I recently talked with BaseHealth’s CEO, Prakash Menon, and Dan Hoemke, its Vice President of Business Development. They describe BaseHealth’s predictive analytics as input that informs TriVita’s coaching service. What I found interesting is the sets of data that seem most useful for coaching and behavioral interventions.

In my earlier article, I wrote, “BaseHealth has trouble integrating EHR data.” Menon tells me that getting this data has become much easier over the past several months, because several companies have entered the market to gather and combine the data from different vendors. Still, BaseHealth focuses on a few sources of medical data, such as lab and biometric data. Overall, they focus on gathering data required to identify disease risk and guide behavior change, which in turn improves preventable conditions such as heart disease and diabetes.

Part of their choice springs from the philosophy driving BaseHealth’s model. Menon says, “BaseHealth wants to work with you before you have a chronic condition.” For instance, the American Diabetes Association estimated in 2012 that 86 million Americans over the age of 20 had prediabetes. Intervening before these people have developed the full condition is when behavioral change is easiest and most effective.

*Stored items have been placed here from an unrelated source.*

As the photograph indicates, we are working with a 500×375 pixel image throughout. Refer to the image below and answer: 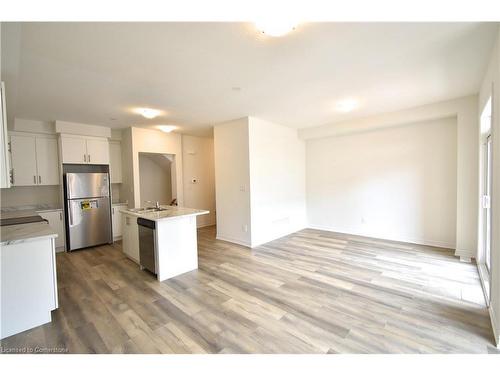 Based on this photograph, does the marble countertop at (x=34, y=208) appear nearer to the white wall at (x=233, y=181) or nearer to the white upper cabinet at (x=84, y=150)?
the white upper cabinet at (x=84, y=150)

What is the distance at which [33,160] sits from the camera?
433 centimetres

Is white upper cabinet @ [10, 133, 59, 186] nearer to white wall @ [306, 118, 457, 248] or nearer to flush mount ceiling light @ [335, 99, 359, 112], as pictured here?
flush mount ceiling light @ [335, 99, 359, 112]

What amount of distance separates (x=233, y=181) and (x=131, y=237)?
2170mm

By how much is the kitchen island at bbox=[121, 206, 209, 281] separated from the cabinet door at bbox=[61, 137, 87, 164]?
2.08 meters

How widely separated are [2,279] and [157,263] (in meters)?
1.46

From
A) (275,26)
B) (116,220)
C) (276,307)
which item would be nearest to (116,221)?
(116,220)

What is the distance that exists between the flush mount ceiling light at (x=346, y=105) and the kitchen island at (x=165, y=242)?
2986 millimetres

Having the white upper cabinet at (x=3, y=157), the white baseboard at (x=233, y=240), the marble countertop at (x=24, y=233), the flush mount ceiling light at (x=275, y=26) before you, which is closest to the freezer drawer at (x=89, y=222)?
the marble countertop at (x=24, y=233)

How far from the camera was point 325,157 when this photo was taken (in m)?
5.68

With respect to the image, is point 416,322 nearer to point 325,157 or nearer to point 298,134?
point 325,157

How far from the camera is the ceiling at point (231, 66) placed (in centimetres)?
179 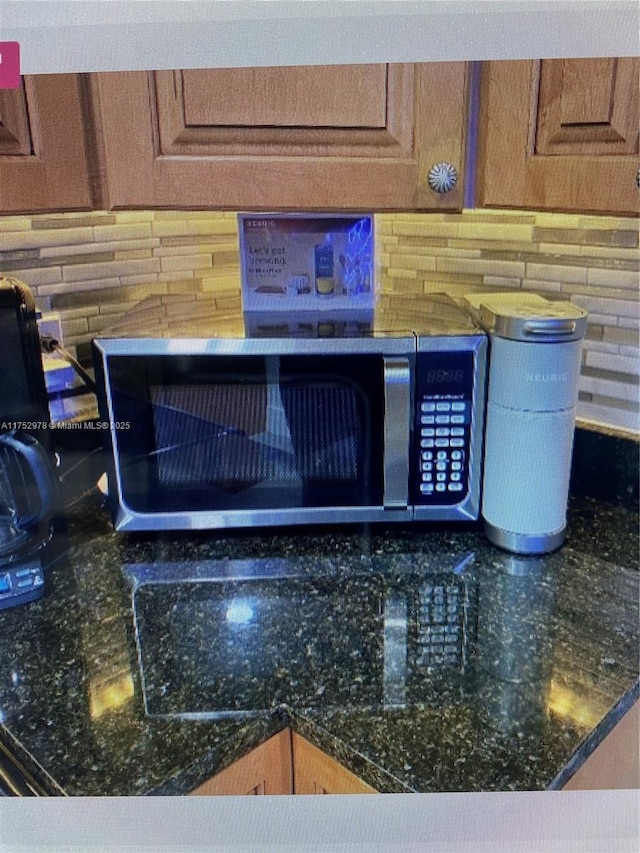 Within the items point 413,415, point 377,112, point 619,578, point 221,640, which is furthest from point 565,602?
point 377,112

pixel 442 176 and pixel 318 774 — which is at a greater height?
pixel 442 176

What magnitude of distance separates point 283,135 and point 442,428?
0.38 meters

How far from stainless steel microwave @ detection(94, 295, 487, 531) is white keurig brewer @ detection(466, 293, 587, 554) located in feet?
0.08

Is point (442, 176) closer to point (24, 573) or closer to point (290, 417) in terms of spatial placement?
point (290, 417)

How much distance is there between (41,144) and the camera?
77cm

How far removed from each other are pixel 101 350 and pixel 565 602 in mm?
599

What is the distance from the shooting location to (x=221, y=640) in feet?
2.52

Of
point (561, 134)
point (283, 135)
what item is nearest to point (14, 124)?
point (283, 135)

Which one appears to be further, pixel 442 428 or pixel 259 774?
pixel 442 428

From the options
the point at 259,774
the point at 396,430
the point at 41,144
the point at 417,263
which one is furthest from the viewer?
the point at 417,263

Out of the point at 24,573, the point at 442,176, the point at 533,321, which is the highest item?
the point at 442,176

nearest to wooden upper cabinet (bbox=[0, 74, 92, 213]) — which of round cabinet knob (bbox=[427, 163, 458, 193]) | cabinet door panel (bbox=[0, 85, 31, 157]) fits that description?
cabinet door panel (bbox=[0, 85, 31, 157])

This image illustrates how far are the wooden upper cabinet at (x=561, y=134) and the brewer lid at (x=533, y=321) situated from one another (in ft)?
0.38

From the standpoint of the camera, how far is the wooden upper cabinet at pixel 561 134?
72 cm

Certainly, BaseHealth wants to know your existing medical conditions. So they ask you about them when you sign up. Other vital signs, such as cholesterol, are also vital to BaseHealth’s analytics. Through a partnership with LabCo, a large diagnostics company in Europe, they are able to tap into lab systems to get these vital signs automatically. But users in the United States can enter them manually with little effort.

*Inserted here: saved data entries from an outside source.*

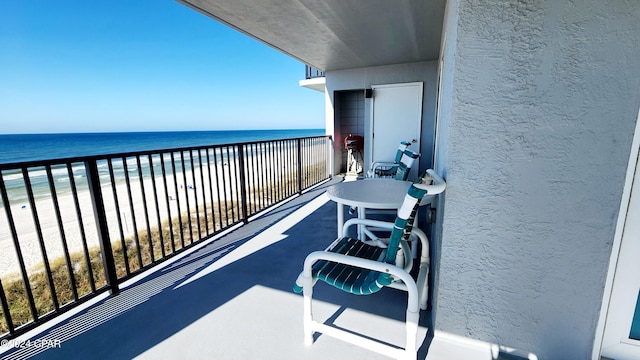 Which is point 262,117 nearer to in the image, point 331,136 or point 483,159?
point 331,136

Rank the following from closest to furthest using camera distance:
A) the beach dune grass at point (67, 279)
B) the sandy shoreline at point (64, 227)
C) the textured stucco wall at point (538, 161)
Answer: the textured stucco wall at point (538, 161) → the beach dune grass at point (67, 279) → the sandy shoreline at point (64, 227)

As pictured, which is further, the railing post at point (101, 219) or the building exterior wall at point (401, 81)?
the building exterior wall at point (401, 81)

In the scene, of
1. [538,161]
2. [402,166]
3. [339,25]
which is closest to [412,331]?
[538,161]

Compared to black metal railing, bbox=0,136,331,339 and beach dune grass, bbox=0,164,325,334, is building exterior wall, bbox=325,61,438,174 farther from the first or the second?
beach dune grass, bbox=0,164,325,334

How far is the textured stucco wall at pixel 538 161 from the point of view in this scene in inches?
36.8

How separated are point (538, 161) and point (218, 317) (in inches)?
76.1

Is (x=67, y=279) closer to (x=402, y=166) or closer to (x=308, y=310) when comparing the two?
(x=308, y=310)

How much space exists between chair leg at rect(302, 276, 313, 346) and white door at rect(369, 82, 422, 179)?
13.8 ft

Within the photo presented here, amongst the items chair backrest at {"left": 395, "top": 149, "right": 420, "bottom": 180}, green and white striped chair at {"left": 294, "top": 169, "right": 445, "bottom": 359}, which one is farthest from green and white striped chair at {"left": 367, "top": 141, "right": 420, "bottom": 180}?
green and white striped chair at {"left": 294, "top": 169, "right": 445, "bottom": 359}

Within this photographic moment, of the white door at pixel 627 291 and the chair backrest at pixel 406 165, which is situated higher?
the chair backrest at pixel 406 165

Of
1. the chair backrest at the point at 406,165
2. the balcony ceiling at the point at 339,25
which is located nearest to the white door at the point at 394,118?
the balcony ceiling at the point at 339,25

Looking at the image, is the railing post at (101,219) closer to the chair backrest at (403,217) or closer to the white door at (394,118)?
the chair backrest at (403,217)

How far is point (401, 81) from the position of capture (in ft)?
16.1

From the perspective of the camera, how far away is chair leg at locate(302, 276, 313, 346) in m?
1.24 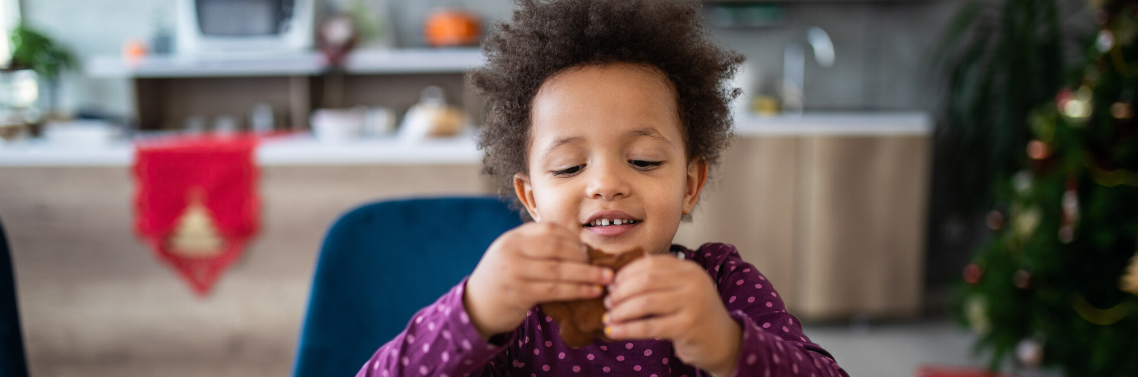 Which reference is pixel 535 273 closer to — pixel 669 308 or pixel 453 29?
pixel 669 308

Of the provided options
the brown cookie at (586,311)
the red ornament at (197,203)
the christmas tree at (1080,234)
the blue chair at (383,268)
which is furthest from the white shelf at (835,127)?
the brown cookie at (586,311)

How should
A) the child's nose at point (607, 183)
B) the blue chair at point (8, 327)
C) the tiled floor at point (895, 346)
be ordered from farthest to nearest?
the tiled floor at point (895, 346), the blue chair at point (8, 327), the child's nose at point (607, 183)

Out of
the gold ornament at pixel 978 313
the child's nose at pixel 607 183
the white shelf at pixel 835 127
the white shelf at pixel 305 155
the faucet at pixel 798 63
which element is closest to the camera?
the child's nose at pixel 607 183

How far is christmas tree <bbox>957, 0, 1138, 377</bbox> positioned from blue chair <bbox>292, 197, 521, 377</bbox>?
1.76 m

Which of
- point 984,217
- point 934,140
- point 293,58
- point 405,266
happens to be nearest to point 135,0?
point 293,58

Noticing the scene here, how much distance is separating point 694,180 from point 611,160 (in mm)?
207

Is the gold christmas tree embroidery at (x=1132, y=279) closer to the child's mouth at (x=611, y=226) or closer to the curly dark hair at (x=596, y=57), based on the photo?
the curly dark hair at (x=596, y=57)

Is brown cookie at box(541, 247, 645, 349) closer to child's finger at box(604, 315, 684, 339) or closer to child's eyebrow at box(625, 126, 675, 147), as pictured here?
child's finger at box(604, 315, 684, 339)

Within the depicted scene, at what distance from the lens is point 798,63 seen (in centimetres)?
349

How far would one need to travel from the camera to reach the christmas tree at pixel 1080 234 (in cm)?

BaseHealth is not immune to the industry’s love affair with genetics and personalization, either. They take about 1500 genetic factors into account, helping them to quantify your risk of getting certain chronic conditions. But as a behavioral health service, Menon points out, BaseHealth is not designed to do much with genetic traits signifying a high chance of getting a disease. They deal with problems that you can do something about–preventable conditions. Menon cites a Health 2.0 presentation (see Figure 1) saying that our health can, on average, be attributed 60 percent to lifestyle, 30 percent to genetics, and 10 percent to clinical interventions. But genetics help to show what is achievable. Hoemke says BaseHealth likes to compare each person against the best she can be, whereas many sites just compare a user against the average population with similar health conditions.

Relative importance of health factors

Figure 1. Relative importance of health factors

BaseHealth gets most of its data from conditions known to you, your environment, family history, and more than 75 behavioral factors: your activity, food, over-the-counter meds, sleep activity, alcohol use, smoking, several measures of stress, etc. BaseHealth assessment recommendations and other insights are based on peer-reviewed research. BaseHealth will even point the individual to particular studies to provide the “why” for its recommendations.

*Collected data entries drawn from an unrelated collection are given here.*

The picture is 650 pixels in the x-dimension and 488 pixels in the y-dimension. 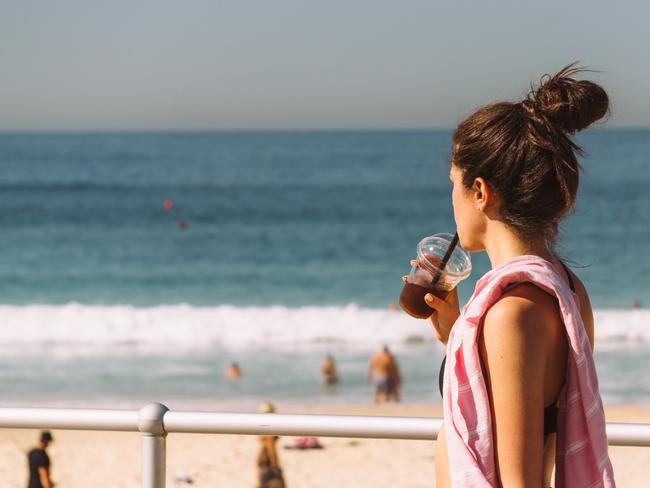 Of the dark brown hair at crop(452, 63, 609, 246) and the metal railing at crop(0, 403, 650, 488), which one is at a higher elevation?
the dark brown hair at crop(452, 63, 609, 246)

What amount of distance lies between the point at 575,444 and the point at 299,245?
29358 mm

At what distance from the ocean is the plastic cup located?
207 millimetres

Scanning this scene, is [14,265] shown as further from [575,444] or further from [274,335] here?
[575,444]

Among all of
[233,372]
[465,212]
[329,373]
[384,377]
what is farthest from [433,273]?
[233,372]

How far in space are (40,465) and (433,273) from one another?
646 cm

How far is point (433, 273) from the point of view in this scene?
1.80 meters

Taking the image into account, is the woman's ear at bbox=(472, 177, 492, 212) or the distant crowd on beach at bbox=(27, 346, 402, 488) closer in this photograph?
the woman's ear at bbox=(472, 177, 492, 212)

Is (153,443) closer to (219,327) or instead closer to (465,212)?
(465,212)

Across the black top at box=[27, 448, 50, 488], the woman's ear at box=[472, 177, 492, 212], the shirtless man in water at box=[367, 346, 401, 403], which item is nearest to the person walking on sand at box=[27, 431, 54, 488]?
the black top at box=[27, 448, 50, 488]

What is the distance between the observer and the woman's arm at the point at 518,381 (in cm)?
135

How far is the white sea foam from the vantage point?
17031mm

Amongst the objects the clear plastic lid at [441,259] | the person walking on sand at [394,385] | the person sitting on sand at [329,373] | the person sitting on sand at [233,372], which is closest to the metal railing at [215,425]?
the clear plastic lid at [441,259]

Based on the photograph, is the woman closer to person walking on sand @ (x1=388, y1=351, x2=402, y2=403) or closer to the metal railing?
the metal railing

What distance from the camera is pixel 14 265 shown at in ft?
88.1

So where does TriVita fit in? Hoemke says that BaseHealth has always stressed the importance of human intervention, refusing to fall into the fallacy that health can be achieved just through new technology. He also said that TriVita fits into the current trend of shifting accountability for health to the patient; he calls it a “health empowerment ecosystem.” As an example of the combined power of BaseHealth and TriVita, a patient can send his weight regularly to a coach, and both can view the implications of the changes in weight–such as changes in risk factors for various diseases–on charts. Some users make heavy use of the coaches, whereas others take the information and recommendations and feel they can follow their plan on their own.

As more and more companies enter connected health, we’ll get more data about what works. And even though BaseHealth and TriVita are confident they can achieve meaningful results with mostly patient-generated data, I believe that clinicians will use similar techniques to treat sicker people as well.